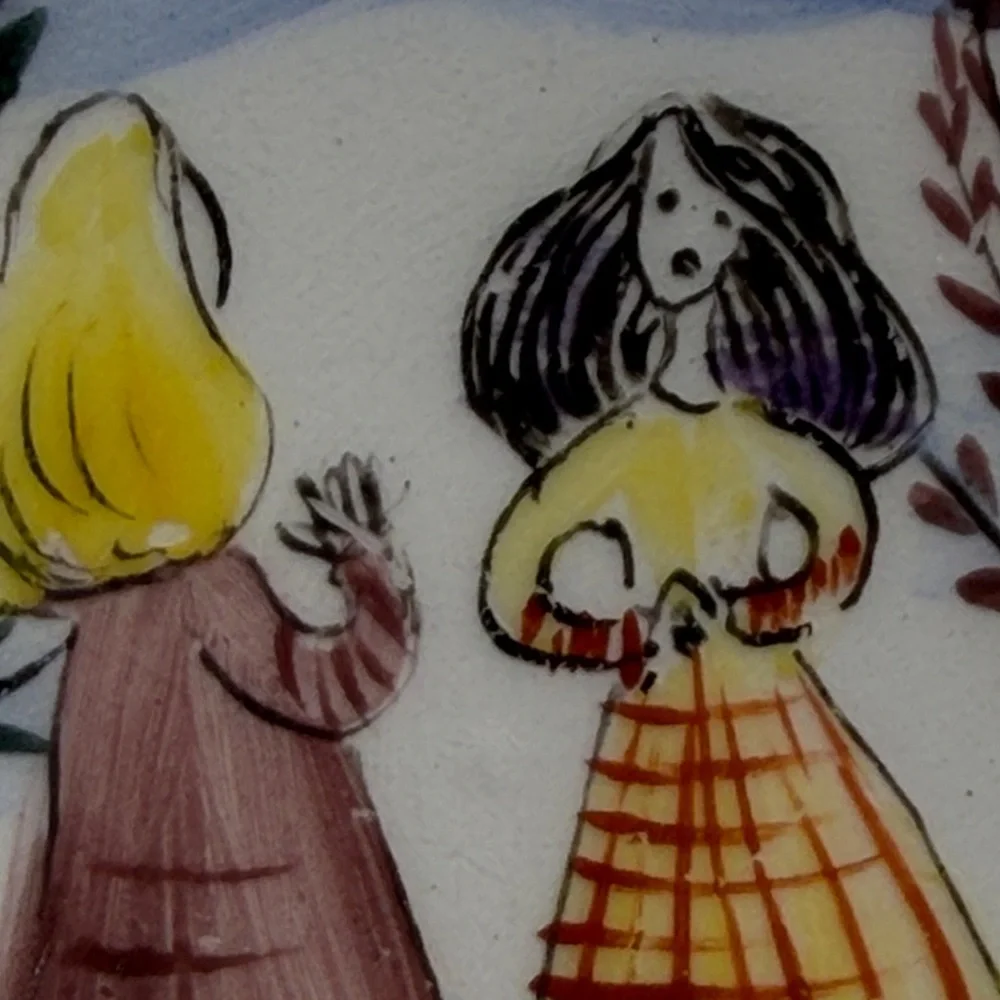 Arabia Suomi Finlandia Vintage Hand Painted Ceramic Trinket Dish Teabag Rest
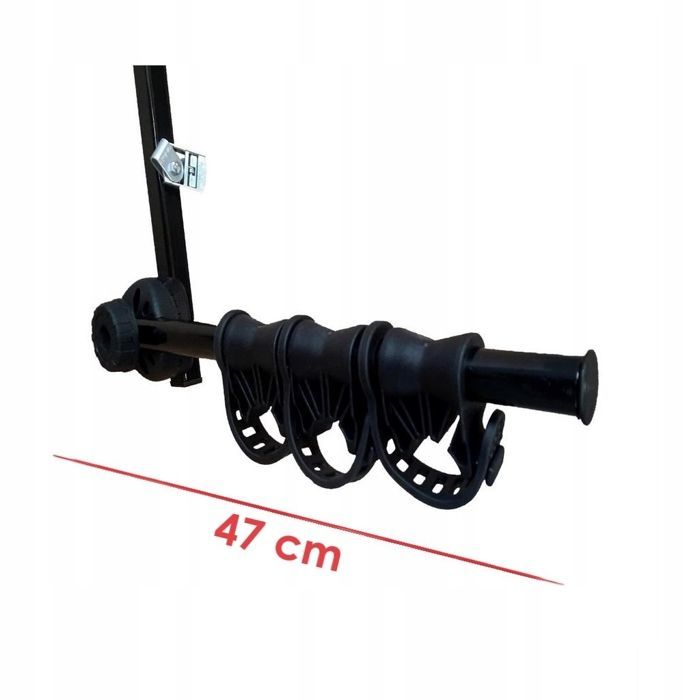 Portabicicletas para enganche de remolque - AMOS - 3 bicicletas - Montaje sin llave - Plegable - Correas de fijación incluidas - 62 x 76 cm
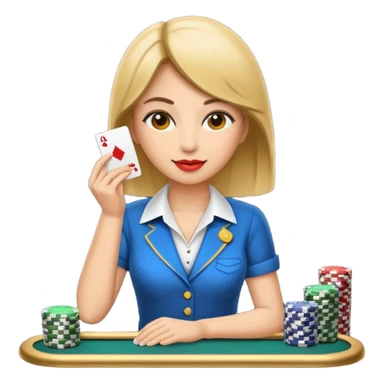casino cashier woman sticker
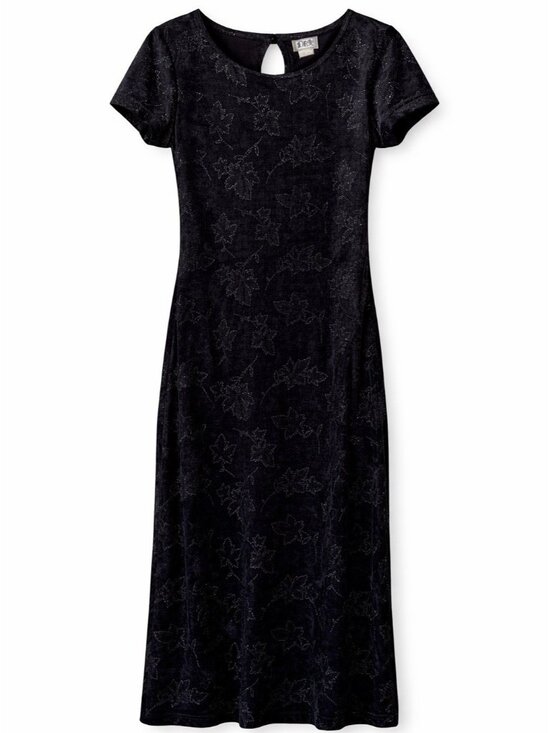 DBY Ltd. Dresses & Skirts - DBY Ltd Women Velvet Long Dress Shimmery Leaves Print Black Junior Size 3 preown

= = = = = = =

Extract, word for word, each line from the top of the data down to and including the line with "casino cashier woman sticker"; skip the pictures.

## Expected answer
 Arabia Suomi Finlandia Vintage Hand Painted Ceramic Trinket Dish Teabag Rest
 Portabicicletas para enganche de remolque - AMOS - 3 bicicletas - Montaje sin llave - Plegable - Correas de fijación incluidas - 62 x 76 cm
casino cashier woman sticker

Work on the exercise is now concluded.